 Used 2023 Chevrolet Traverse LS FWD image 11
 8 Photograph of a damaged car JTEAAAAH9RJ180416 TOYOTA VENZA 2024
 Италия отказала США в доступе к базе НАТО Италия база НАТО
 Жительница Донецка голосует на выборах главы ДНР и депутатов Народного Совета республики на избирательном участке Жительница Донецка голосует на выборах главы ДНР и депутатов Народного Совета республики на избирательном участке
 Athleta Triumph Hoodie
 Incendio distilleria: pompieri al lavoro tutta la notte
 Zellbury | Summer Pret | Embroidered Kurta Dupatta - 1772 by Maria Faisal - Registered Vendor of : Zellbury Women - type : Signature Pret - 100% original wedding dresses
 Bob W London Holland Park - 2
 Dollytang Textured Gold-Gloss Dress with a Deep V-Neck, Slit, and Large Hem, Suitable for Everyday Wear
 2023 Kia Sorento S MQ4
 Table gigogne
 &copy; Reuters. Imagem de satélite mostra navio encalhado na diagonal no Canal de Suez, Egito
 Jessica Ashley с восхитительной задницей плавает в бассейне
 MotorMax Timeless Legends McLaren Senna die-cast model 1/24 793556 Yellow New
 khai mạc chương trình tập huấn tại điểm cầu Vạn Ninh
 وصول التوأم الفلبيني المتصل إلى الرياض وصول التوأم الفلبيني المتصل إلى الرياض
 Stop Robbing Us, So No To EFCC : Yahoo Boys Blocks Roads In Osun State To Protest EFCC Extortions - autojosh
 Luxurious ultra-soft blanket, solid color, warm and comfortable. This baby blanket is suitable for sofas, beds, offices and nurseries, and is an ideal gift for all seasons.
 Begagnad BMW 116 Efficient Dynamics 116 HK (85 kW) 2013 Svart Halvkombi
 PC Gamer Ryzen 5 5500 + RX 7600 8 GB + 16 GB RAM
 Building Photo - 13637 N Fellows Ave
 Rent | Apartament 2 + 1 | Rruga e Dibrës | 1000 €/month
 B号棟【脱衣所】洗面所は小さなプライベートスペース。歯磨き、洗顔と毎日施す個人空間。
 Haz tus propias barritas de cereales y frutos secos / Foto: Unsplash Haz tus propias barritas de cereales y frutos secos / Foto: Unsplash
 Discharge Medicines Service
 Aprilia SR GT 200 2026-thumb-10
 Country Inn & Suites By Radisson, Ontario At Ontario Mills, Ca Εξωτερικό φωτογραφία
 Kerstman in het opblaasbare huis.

_ _ _ _ _ _ _

**Task description:**
All lines from the top of the data through the line containing "Rent | Apartament" need to be retyped exactly, and nothing more.

**Solution for this task:**
 Used 2023 Chevrolet Traverse LS FWD image 11
 8 Photograph of a damaged car JTEAAAAH9RJ180416 TOYOTA VENZA 2024
 Италия отказала США в доступе к базе НАТО Италия база НАТО
 Жительница Донецка голосует на выборах главы ДНР и депутатов Народного Совета республики на избирательном участке Жительница Донецка голосует на выборах главы ДНР и депутатов Народного Совета республики на избирательном участке
 Athleta Triumph Hoodie
 Incendio distilleria: pompieri al lavoro tutta la notte
 Zellbury | Summer Pret | Embroidered Kurta Dupatta - 1772 by Maria Faisal - Registered Vendor of : Zellbury Women - type : Signature Pret - 100% original wedding dresses
 Bob W London Holland Park - 2
 Dollytang Textured Gold-Gloss Dress with a Deep V-Neck, Slit, and Large Hem, Suitable for Everyday Wear
 2023 Kia Sorento S MQ4
 Table gigogne
 &copy; Reuters. Imagem de satélite mostra navio encalhado na diagonal no Canal de Suez, Egito
 Jessica Ashley с восхитительной задницей плавает в бассейне
 MotorMax Timeless Legends McLaren Senna die-cast model 1/24 793556 Yellow New
 khai mạc chương trình tập huấn tại điểm cầu Vạn Ninh
 وصول التوأم الفلبيني المتصل إلى الرياض وصول التوأم الفلبيني المتصل إلى الرياض
 Stop Robbing Us, So No To EFCC : Yahoo Boys Blocks Roads In Osun State To Protest EFCC Extortions - autojosh
 Luxurious ultra-soft blanket, solid color, warm and comfortable. This baby blanket is suitable for sofas, beds, offices and nurseries, and is an ideal gift for all seasons.
 Begagnad BMW 116 Efficient Dynamics 116 HK (85 kW) 2013 Svart Halvkombi
 PC Gamer Ryzen 5 5500 + RX 7600 8 GB + 16 GB RAM
 Building Photo - 13637 N Fellows Ave
 Rent | Apartament 2 + 1 | Rruga e Dibrës | 1000 €/month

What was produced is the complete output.